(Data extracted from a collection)

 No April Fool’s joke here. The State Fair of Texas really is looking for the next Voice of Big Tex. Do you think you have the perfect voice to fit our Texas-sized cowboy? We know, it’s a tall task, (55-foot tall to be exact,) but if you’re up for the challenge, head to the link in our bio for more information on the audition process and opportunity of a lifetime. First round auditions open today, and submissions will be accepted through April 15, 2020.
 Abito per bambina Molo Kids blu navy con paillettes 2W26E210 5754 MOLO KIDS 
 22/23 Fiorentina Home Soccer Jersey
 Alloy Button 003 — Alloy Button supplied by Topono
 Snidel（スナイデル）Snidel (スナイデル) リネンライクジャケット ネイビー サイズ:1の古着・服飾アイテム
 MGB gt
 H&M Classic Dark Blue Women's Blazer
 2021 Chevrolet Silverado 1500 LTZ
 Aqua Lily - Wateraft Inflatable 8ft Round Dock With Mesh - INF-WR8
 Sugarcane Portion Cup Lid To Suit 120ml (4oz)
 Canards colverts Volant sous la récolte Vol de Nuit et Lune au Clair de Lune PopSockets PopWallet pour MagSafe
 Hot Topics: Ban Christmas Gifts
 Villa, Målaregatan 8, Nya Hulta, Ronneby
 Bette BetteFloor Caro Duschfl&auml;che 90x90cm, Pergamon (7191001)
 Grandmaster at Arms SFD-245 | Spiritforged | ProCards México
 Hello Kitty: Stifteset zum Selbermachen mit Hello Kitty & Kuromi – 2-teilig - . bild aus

(Exercise requirements)
Extract every record and return it verbatim.

(Written reply)
 No April Fool’s joke here. The State Fair of Texas really is looking for the next Voice of Big Tex. Do you think you have the perfect voice to fit our Texas-sized cowboy? We know, it’s a tall task, (55-foot tall to be exact,) but if you’re up for the challenge, head to the link in our bio for more information on the audition process and opportunity of a lifetime. First round auditions open today, and submissions will be accepted through April 15, 2020.
 Abito per bambina Molo Kids blu navy con paillettes 2W26E210 5754 MOLO KIDS 
 22/23 Fiorentina Home Soccer Jersey
 Alloy Button 003 — Alloy Button supplied by Topono
 Snidel（スナイデル）Snidel (スナイデル) リネンライクジャケット ネイビー サイズ:1の古着・服飾アイテム
 MGB gt
 H&M Classic Dark Blue Women's Blazer
 2021 Chevrolet Silverado 1500 LTZ
 Aqua Lily - Wateraft Inflatable 8ft Round Dock With Mesh - INF-WR8
 Sugarcane Portion Cup Lid To Suit 120ml (4oz)
 Canards colverts Volant sous la récolte Vol de Nuit et Lune au Clair de Lune PopSockets PopWallet pour MagSafe
 Hot Topics: Ban Christmas Gifts
 Villa, Målaregatan 8, Nya Hulta, Ronneby
 Bette BetteFloor Caro Duschfl&auml;che 90x90cm, Pergamon (7191001)
 Grandmaster at Arms SFD-245 | Spiritforged | ProCards México
 Hello Kitty: Stifteset zum Selbermachen mit Hello Kitty & Kuromi – 2-teilig - . bild aus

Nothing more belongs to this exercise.